Weekly postings on Mondays

Sunday, December 29, 2013

Conversations from Campus: Bible Interpretation 2

Last week I raised questions about Bible interpretation because I get these questions constantly in my travels to college campuses.

Here's what I always say first in my replies:

Don't interpret the Bible in isolation.

This statement usually rubs a few students the wrong way. They value hearing directly from God.

For them, direct communication from God bypasses the imperfections of human interpretation and ivory tower wrangling over ancient language grammar and syntax.

They value inspiration more than perspiration.

I guess I'm just enough of a mystic to believe that God still speaks directly to his people. You hear a word from God, you act on it. That's basic discipleship.

Yet, I'm really firm about this notion of interpreting Scripture (and words from God) in community. It's called the interpretive community, the historic conversation -- the sifting of scriptural meaning through the authority and wisdom of the church.

So I guess in that way I'm pretty traditional. Why?

1. Because we were made for community. That's how the Christian life is to be lived (1 Corinthians 12, Romans 12, Ephesians 4, etc.).

2. Sin extends to the understanding. Our minds are fallen.* We misunderstand people, situations -- and Scripture. Our best safeguard against misinterpretation is the wisdom of community.

I believe the God of history speaks through history -- that we as contemporary Christians rightly "stand on the shoulders" of the saints who've gone before us.

That's two millennia of interpreters. We ignore them to our peril.

* Theologians and philosophers sometimes call this the "noetic effects" of sin.
Of many good books on the subject of Bible interpretation, my favorite is How to Read the Bible for All Its Worth, by Fee and Stewart.
graphic credit: http://www.turnbacktogod.com/story-what-good-does-reading-the-bible-do/

2 comments:

Michael D said...

Rick,

How would you respond to a "Noetic argument against Theism" (NAAT)? This would run broadly along the lines of Plantinga's Evolutionary Argument Against Naturalism.

Basically, the NAAT says that under Theism, we can never be confident that our fallen minds have achieved true knowledge. Our sinfulness could be impairing our judgment. God may have hardened our hearts like he did to the Pharaoh of Egypt. The devil may be deceiving us.

Given the apparent inconsistency between the Bible story which says that there was a global flood 5,000 years ago, and the geologic/biologic evidence which says there was not, how are we to decide which evidence to believe? Perhaps the noetic effects of sin have impaired our ability to read the book of nature correctly. Or maybe the noetic effects of sin have impaired our ability to read Scripture correctly.

Are the noetic effects of sin not an undefeated defeater for the ability of anyone to have true knowledge under Christian Theism?

Michael D

Rick said...

Ahh, Michael, you are sharp as always.
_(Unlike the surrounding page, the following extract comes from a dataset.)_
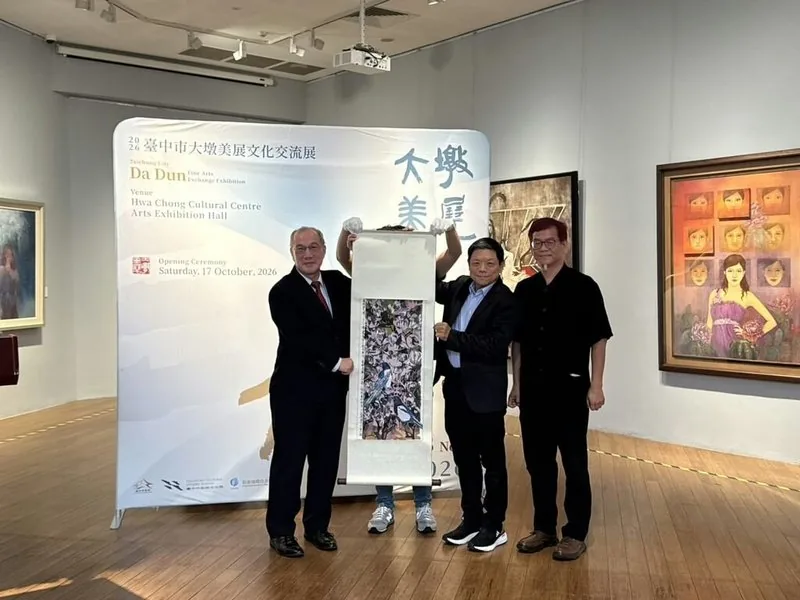 「2026台中市大墩美展文化交流展」17日在新加坡開幕，駐新加坡副代表吳文齡（左1）等人出席。（台中市政府文化局提供）中央社記者吳昇鴻新加坡傳真 115年10月17日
This being a popularized forum I will attempt a non-technical, abbreviated reply.

The argument against naturalism, if I understand it correctly, essentially asks why we should trust our “monkey-minds” to be giving us truth about reality. The assumed framework is naturalistic evolution.

But in a theistic understanding we can have confidence that God has endowed us with truth-finding abilities (“proper function,” roughly). And though we are fallen creatures, he has provided many ways for us to find truth, among them the input of Christian community.

Given Christian theism, then, the NAAT should be avoidable.

Intellectually, I suggest we steer along a path of “humble confidence,” avoiding the left ditch of arrogance (the claim to perfect knowledge) and the right ditch of hopelessness (giving up on knowledge altogether). This route seems to take account of our human limitations and fallenness, but also God’s initiative to reveal light and truth to us.